**What is required**
Go line by line through the entries below and copy those containing the string "Sketch".

(Short descriptive text snippets)
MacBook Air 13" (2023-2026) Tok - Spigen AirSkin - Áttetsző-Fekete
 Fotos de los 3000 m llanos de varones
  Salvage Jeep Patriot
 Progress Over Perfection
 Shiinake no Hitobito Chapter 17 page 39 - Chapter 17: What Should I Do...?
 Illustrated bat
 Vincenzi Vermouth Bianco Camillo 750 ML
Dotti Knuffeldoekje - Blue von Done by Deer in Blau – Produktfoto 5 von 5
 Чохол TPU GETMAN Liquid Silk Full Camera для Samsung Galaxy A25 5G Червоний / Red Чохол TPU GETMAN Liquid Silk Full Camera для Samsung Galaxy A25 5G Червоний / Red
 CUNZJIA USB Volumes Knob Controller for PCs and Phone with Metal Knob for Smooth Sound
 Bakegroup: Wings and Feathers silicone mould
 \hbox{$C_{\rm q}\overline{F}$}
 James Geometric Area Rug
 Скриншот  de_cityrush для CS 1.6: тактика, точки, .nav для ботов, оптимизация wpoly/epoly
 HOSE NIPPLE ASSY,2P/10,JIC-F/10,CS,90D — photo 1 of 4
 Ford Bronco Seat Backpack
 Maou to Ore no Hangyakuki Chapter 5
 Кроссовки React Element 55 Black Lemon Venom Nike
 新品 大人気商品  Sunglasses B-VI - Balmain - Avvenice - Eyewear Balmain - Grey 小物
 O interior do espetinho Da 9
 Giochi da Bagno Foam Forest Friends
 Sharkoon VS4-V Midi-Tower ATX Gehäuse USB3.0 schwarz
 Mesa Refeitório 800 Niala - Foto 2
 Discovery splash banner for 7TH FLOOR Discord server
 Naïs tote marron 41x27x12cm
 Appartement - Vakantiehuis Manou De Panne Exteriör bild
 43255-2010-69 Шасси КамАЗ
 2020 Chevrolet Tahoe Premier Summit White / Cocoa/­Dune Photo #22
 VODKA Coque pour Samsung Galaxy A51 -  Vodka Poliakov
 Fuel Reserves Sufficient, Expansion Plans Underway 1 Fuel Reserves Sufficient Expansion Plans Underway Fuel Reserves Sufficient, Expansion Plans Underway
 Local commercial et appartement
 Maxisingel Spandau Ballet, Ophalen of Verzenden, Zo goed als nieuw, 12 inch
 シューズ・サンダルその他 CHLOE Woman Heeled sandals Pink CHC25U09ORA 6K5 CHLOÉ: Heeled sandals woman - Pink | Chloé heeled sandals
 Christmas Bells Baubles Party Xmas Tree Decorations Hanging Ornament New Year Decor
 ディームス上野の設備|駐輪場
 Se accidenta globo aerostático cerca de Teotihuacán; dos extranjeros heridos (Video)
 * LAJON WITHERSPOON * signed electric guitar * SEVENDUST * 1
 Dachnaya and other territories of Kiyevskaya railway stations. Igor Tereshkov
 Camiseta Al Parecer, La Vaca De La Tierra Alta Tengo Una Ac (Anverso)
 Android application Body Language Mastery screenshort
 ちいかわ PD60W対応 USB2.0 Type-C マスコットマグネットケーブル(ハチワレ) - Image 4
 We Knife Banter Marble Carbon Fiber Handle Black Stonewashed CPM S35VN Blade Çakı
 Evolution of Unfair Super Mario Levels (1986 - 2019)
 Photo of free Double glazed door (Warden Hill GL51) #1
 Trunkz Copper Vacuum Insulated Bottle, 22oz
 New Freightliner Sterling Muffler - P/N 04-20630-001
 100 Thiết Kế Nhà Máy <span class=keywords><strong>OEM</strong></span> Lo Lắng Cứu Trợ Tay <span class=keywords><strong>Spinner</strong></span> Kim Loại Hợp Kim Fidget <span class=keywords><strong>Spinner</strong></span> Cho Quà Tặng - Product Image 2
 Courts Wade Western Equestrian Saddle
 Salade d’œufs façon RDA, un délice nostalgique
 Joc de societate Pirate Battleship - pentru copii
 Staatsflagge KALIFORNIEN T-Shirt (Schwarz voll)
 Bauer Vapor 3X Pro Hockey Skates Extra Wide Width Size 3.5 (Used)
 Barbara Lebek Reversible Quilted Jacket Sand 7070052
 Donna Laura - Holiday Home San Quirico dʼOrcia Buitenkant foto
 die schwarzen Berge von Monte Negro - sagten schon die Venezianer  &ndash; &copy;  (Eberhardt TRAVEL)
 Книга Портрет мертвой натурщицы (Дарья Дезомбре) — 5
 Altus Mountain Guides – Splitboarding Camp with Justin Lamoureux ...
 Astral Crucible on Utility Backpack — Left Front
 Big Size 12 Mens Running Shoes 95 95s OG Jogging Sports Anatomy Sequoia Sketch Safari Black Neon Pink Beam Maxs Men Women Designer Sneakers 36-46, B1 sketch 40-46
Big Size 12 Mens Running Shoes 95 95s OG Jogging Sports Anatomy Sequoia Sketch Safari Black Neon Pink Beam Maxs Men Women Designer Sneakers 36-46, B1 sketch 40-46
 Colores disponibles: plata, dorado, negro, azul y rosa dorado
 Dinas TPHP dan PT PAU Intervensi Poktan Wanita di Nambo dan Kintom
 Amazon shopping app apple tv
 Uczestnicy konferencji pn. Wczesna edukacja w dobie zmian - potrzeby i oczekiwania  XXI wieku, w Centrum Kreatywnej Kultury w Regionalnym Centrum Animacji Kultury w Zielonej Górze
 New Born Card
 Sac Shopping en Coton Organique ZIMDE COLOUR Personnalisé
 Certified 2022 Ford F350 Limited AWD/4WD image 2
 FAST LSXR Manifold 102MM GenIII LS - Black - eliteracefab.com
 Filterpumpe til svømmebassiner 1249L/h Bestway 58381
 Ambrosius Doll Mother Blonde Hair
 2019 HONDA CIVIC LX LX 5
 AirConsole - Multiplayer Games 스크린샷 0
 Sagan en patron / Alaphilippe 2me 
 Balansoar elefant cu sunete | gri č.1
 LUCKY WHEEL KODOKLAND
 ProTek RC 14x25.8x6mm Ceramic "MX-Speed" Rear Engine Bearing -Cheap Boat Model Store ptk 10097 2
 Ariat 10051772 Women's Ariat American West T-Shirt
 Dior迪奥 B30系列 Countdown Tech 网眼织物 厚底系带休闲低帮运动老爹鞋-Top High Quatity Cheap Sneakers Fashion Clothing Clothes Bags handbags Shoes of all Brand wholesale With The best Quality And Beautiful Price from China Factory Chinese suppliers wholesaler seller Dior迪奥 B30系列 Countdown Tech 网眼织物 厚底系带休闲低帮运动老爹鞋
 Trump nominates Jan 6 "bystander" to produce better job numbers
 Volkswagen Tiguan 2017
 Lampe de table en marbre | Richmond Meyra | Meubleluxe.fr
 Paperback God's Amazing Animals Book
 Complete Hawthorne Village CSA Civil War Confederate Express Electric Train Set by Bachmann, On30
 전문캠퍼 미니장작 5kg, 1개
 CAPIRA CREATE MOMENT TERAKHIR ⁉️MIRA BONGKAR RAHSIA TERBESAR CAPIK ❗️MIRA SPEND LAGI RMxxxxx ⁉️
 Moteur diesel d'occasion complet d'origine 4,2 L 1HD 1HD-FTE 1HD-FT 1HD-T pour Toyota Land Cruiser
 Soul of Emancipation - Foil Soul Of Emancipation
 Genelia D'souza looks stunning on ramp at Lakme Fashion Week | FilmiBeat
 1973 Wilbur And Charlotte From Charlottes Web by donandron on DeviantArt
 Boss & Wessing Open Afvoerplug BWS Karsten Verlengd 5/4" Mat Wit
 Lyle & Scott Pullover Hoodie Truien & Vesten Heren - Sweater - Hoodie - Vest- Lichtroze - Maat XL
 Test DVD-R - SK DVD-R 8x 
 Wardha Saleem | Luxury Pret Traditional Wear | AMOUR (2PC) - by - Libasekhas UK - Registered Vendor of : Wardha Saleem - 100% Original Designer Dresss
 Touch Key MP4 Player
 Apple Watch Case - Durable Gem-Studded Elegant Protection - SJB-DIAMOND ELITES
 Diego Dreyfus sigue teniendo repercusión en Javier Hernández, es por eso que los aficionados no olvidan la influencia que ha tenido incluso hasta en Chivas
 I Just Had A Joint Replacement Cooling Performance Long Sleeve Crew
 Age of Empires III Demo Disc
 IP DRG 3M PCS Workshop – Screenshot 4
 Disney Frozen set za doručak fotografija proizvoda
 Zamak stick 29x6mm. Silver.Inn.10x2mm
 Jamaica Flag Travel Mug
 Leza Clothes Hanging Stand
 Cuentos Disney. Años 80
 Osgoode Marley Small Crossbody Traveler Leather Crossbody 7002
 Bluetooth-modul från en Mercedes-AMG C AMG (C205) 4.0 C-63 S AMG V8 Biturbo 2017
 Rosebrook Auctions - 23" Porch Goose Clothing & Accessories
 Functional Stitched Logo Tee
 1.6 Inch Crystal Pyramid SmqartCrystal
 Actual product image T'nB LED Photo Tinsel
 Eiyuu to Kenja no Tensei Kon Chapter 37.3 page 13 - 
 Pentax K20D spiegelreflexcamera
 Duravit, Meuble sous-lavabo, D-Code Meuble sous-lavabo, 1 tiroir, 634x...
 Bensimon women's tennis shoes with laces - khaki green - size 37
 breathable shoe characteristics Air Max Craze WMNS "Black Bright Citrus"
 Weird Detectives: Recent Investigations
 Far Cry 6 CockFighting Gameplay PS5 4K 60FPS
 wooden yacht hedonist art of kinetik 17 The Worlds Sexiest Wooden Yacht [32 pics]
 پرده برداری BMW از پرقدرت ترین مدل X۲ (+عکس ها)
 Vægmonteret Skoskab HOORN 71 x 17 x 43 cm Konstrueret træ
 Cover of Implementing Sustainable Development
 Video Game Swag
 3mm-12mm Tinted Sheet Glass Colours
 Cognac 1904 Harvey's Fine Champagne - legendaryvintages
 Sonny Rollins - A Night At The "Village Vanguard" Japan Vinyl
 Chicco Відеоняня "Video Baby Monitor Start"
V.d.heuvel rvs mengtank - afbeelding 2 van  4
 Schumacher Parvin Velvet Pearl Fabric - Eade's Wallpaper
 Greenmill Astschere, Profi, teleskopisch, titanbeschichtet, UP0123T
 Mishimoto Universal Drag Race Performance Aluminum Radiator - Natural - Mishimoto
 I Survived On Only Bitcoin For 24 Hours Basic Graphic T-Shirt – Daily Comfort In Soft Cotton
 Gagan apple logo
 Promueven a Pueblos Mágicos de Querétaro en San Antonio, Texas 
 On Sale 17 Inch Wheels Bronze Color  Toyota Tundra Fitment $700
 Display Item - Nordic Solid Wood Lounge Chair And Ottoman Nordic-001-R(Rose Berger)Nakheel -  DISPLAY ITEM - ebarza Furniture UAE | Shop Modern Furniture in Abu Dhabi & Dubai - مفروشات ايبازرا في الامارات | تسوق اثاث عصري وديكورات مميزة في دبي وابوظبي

**Answer to the exercise**
 Big Size 12 Mens Running Shoes 95 95s OG Jogging Sports Anatomy Sequoia Sketch Safari Black Neon Pink Beam Maxs Men Women Designer Sneakers 36-46, B1 sketch 40-46
Big Size 12 Mens Running Shoes 95 95s OG Jogging Sports Anatomy Sequoia Sketch Safari Black Neon Pink Beam Maxs Men Women Designer Sneakers 36-46, B1 sketch 40-46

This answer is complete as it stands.